Adjusting entries are usually made on the last day of an accounting period (year, quarter, month) so that the financial statements reflect the revenues that have been earned and the expenses that were incurred during the accounting period. Creating adjusting entries is one of the steps in the accounting cycle. It occurs after you prepare a trial balance, which is an accounting report to determine whether your debits and credits are equal. If the debits and credits in your trial balance are unequal, you must create accounting adjustments to fix the discrepancy.

In accrual basis accounting, adjusting journal entries are necessary because the exchange of cash does not always occur at the moment you purchase an item, provide services or incur an expense. Adjusting journal entries are completed at the end of an accounting period, and help to give a more accurate picture of a company’s financial status. These entries include accrued liabilities and assets, and deferred expenses and revenues.

Companies that prepare their financial statements in accordance with US GAAP and IFRS usually prepare some adjusting entries at the end of each accounting period.

Four categories of adjusting journal entries as per U.S.GAAP

Accrued Expenses

Accrued expenses or accrued liabilities are expenses that you incur but for which you have not issued payment. Accrued expenses include rent you owe for your office, interest on your business loans and your employees’ earnings that you have not yet paid.

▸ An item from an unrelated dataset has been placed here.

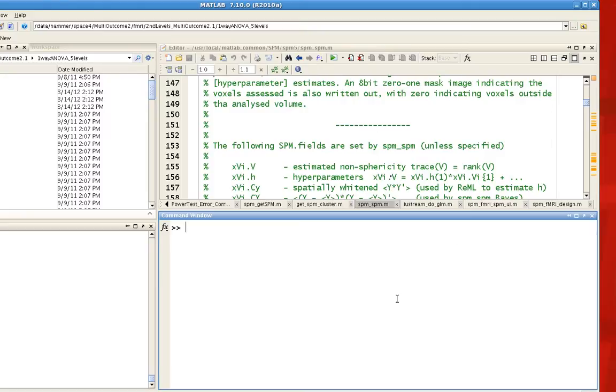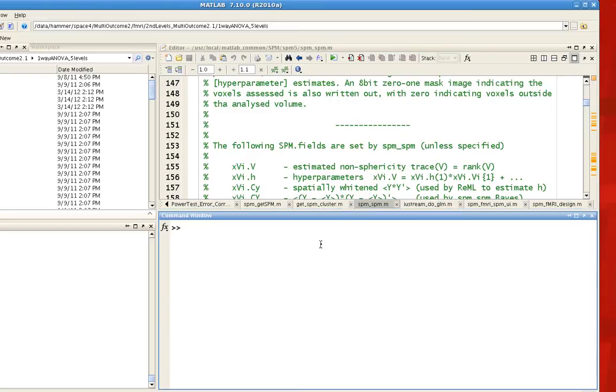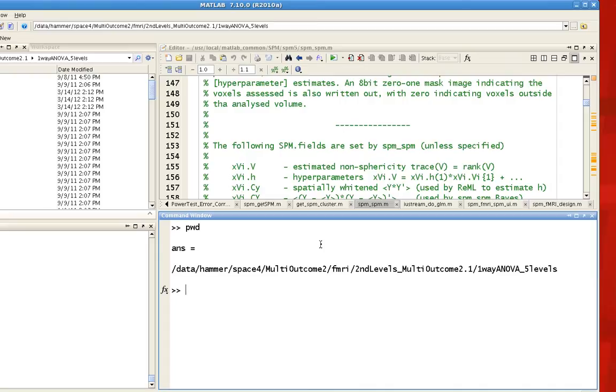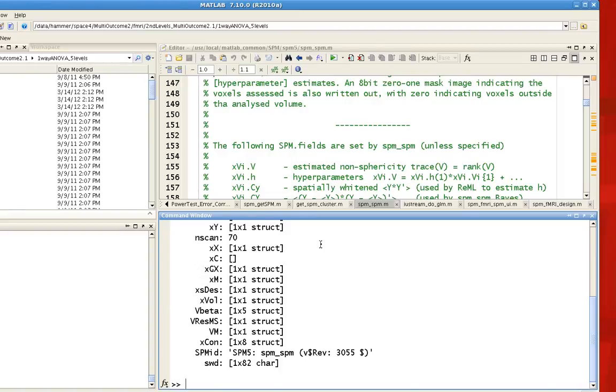One of the most important ones is something called SPM_SPM. So I'm in a directory which has already estimated a model, and if I load SPM into memory, just type load SPM, and then the SPM structure, you'll see all these different subfields like XY, XX, and so forth.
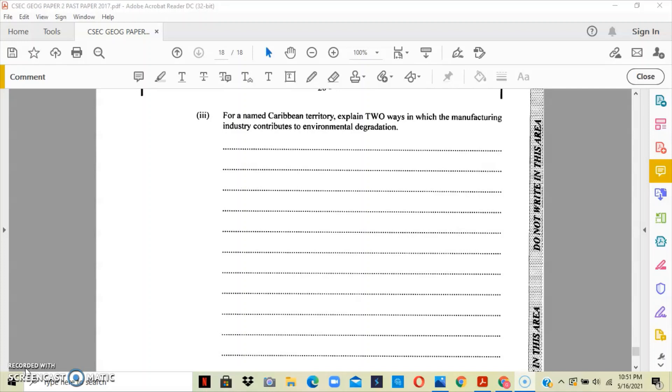The manufacturing industry definitely causes some form of environmental degradation. This starts from the manufacturing waste being released into the sea. You have untreated waste being released, toxic substances like waste from distilleries, and harmful gases being released into the atmosphere.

To recognize an accrued expense, prepare an adjusting journal entry by debiting the applicable expense account and crediting the matching payable account. When you issue payments, reverse the entry by debiting cash and crediting the expense payable account.

Unearned Revenue

Sometime companies collect cash for which the goods or services are to be provided in some future period. Such receipt of cash is recorded by debiting cash and crediting a liability account known as unearned revenue. This procedure is known as postponement or deferral of revenue. At the end of accounting period the unearned revenue is converted into earned revenue by making an adjusting entry for the value of goods or services provided during the period.

Prepaid Expenses

Some cash expenditures are made to obtain benefits for more than one accounting period. Examples of such expenditures include advance payment of rent or insurance, purchase of office supplies, purchase of an office equipment or any other fixed asset. These are recorded by debiting an appropriate asset (such as prepaid rent, prepaid insurance, office supplies, office equipment etc.) and crediting cash account. This procedure is known as postponement or deferral of expenses. An adjusting entry is made at the end of accounting period for converting an appropriate portion of the asset into expense.

Accrued Revenues

Accrued revenues include items or services that you have delivered or performed but for which you have not yet received payment. When you bill your customer for the work you have completed, you start the process to recognize revenues that you have earned. You will recognize this revenue by recording the adjusting entry for accrued revenues, debiting the receivable account and crediting the revenue account. When you do receive a payment, you would then adjust your journal by debiting cash and crediting the applicable receivable account.